#### [Action item]
Could you restate the data below word for word, without its pictures?

#### [Records provided]

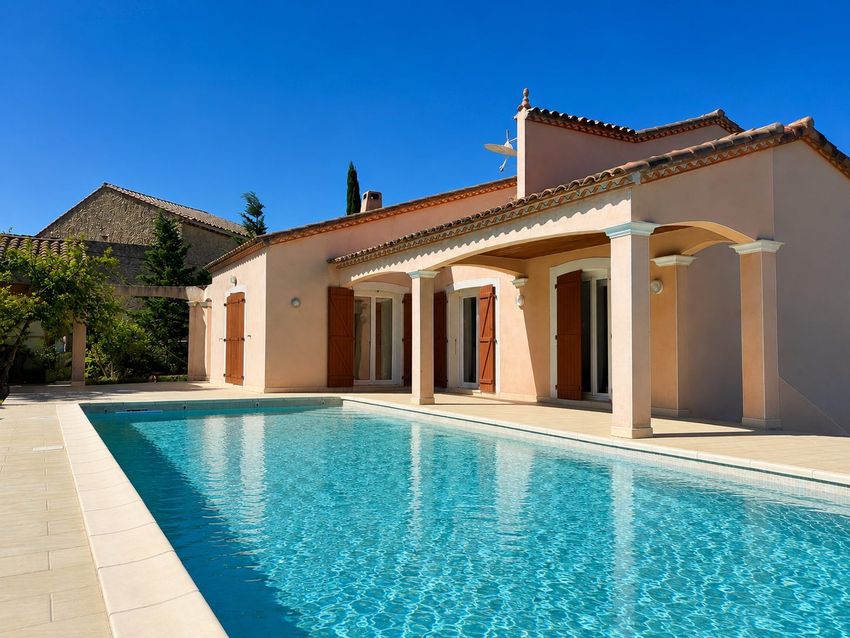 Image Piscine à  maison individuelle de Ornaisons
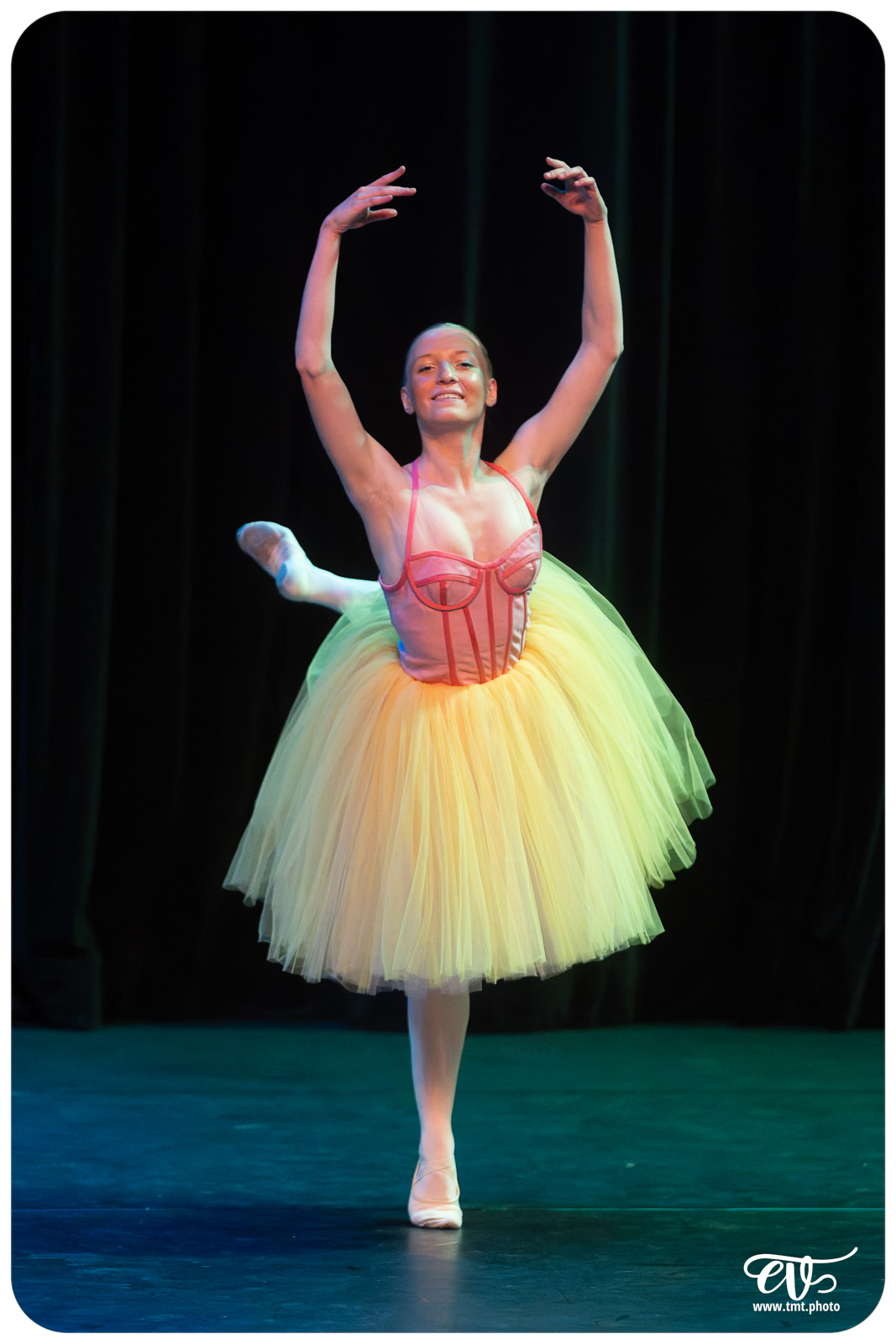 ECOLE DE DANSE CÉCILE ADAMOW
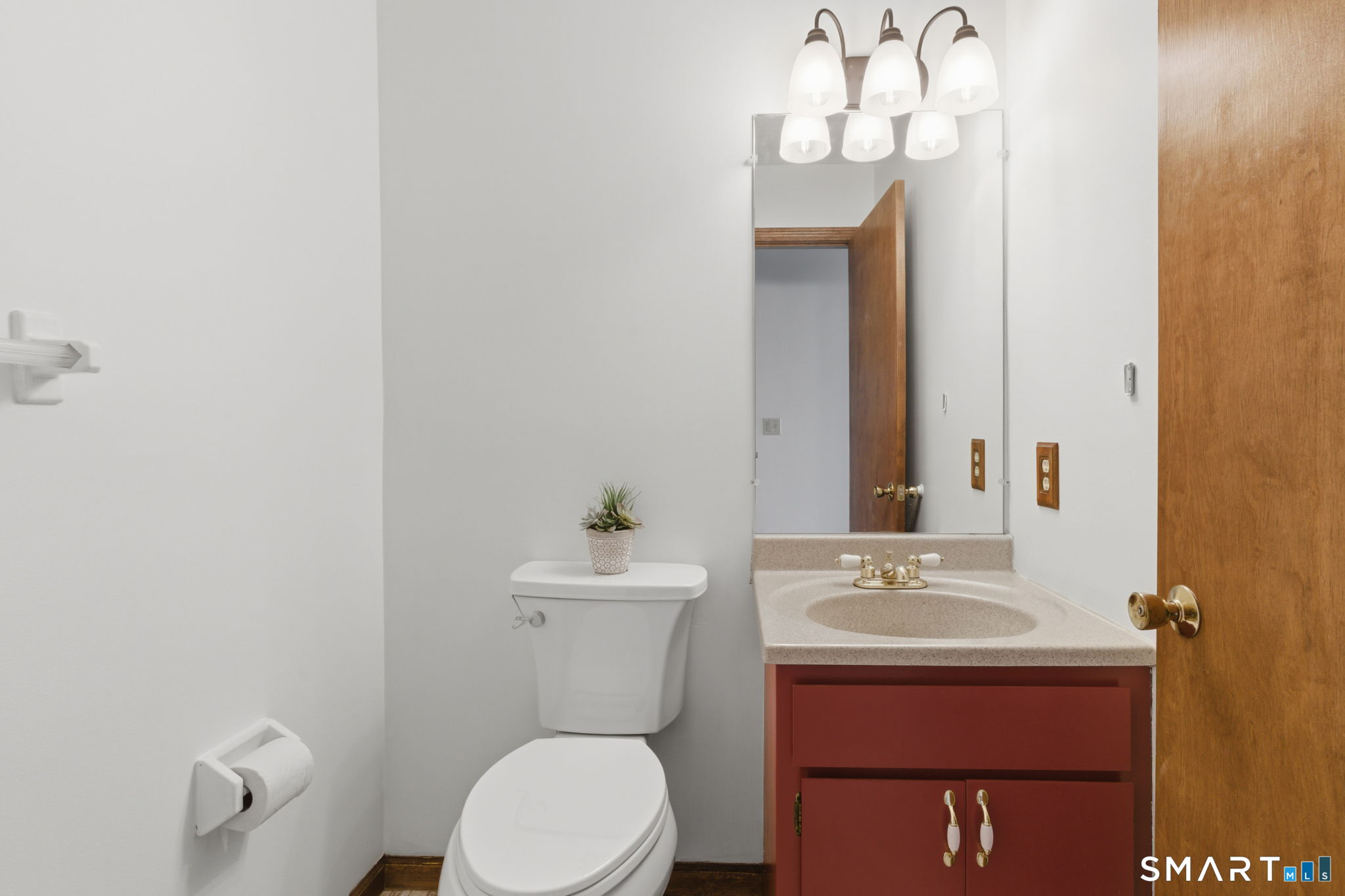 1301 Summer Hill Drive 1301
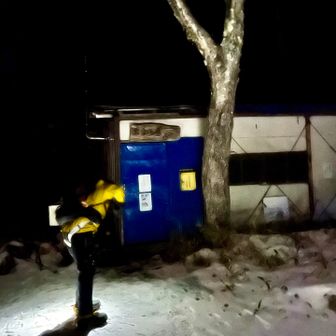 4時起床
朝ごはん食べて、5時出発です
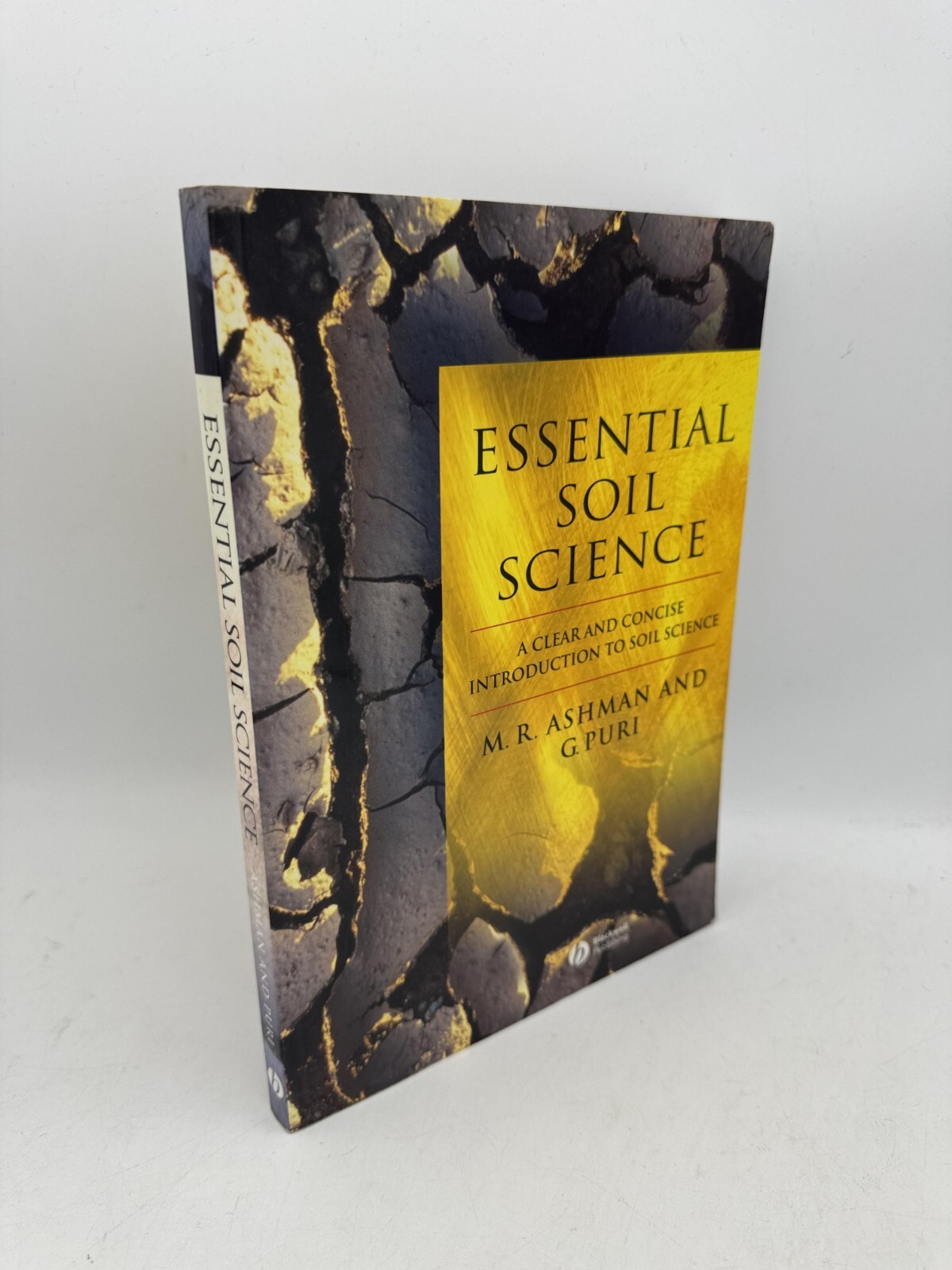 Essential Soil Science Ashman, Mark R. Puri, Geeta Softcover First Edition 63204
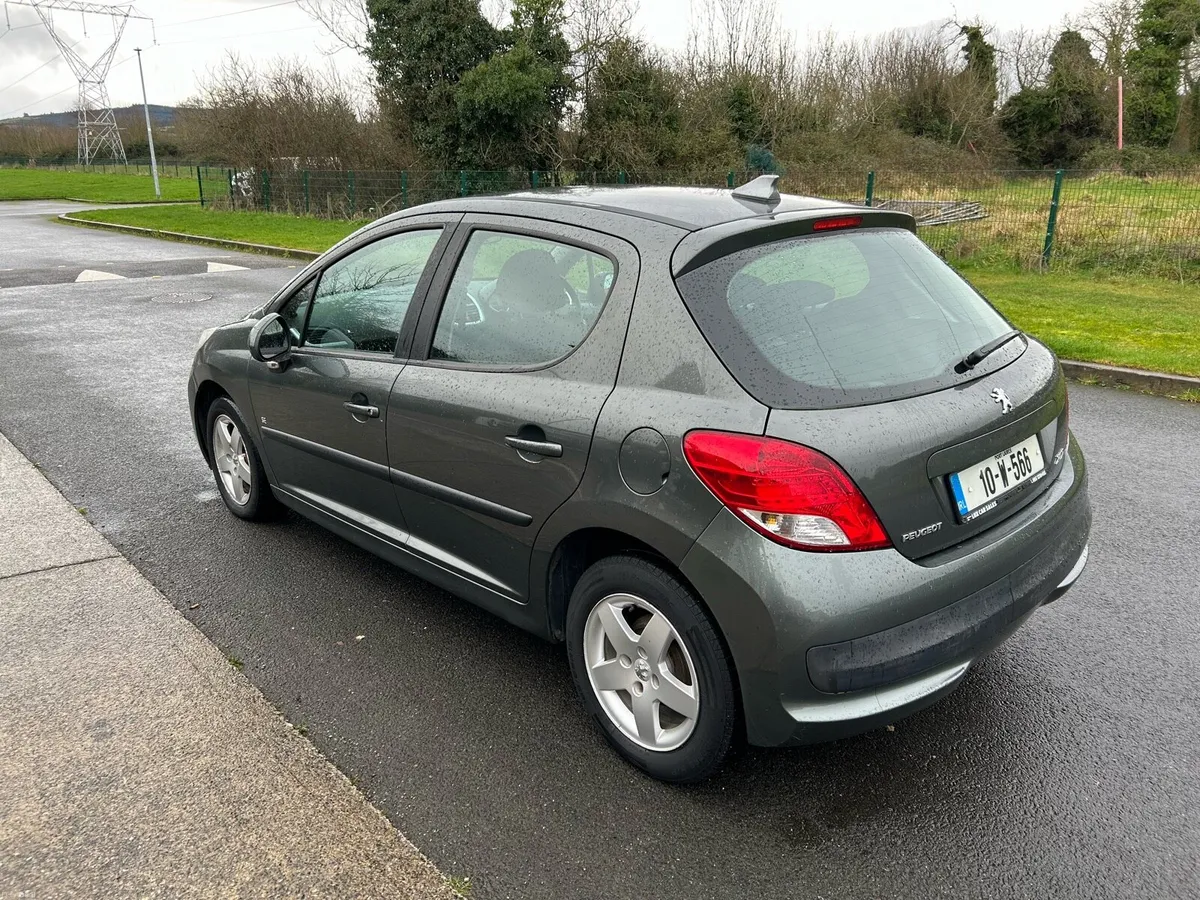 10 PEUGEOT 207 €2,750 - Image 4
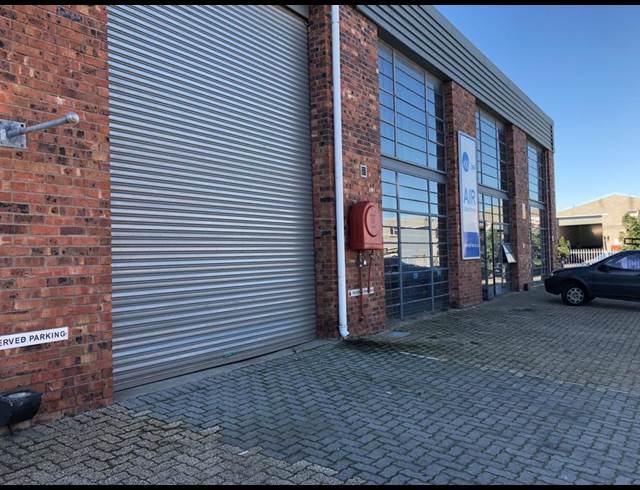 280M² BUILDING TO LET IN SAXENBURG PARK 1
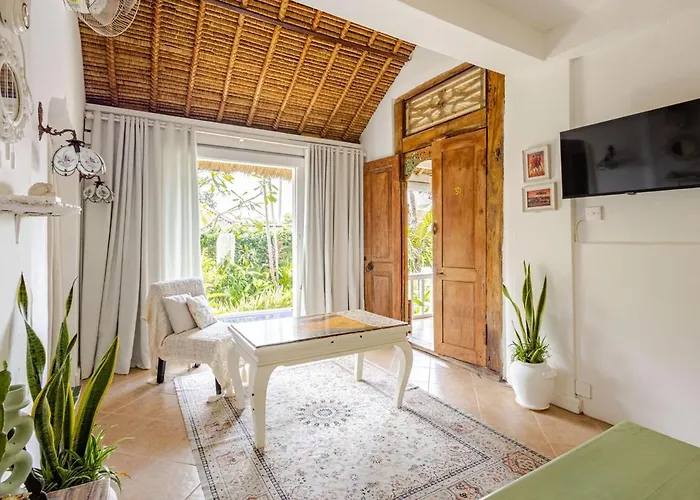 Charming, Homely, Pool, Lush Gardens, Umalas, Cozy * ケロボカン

#### [Your response]
 Image Piscine à  maison individuelle de Ornaisons
 ECOLE DE DANSE CÉCILE ADAMOW
 1301 Summer Hill Drive 1301
 4時起床
朝ごはん食べて、5時出発です
 Essential Soil Science Ashman, Mark R. Puri, Geeta Softcover First Edition 63204
 10 PEUGEOT 207 €2,750 - Image 4
 280M² BUILDING TO LET IN SAXENBURG PARK 1
 Charming, Homely, Pool, Lush Gardens, Umalas, Cozy * ケロボカン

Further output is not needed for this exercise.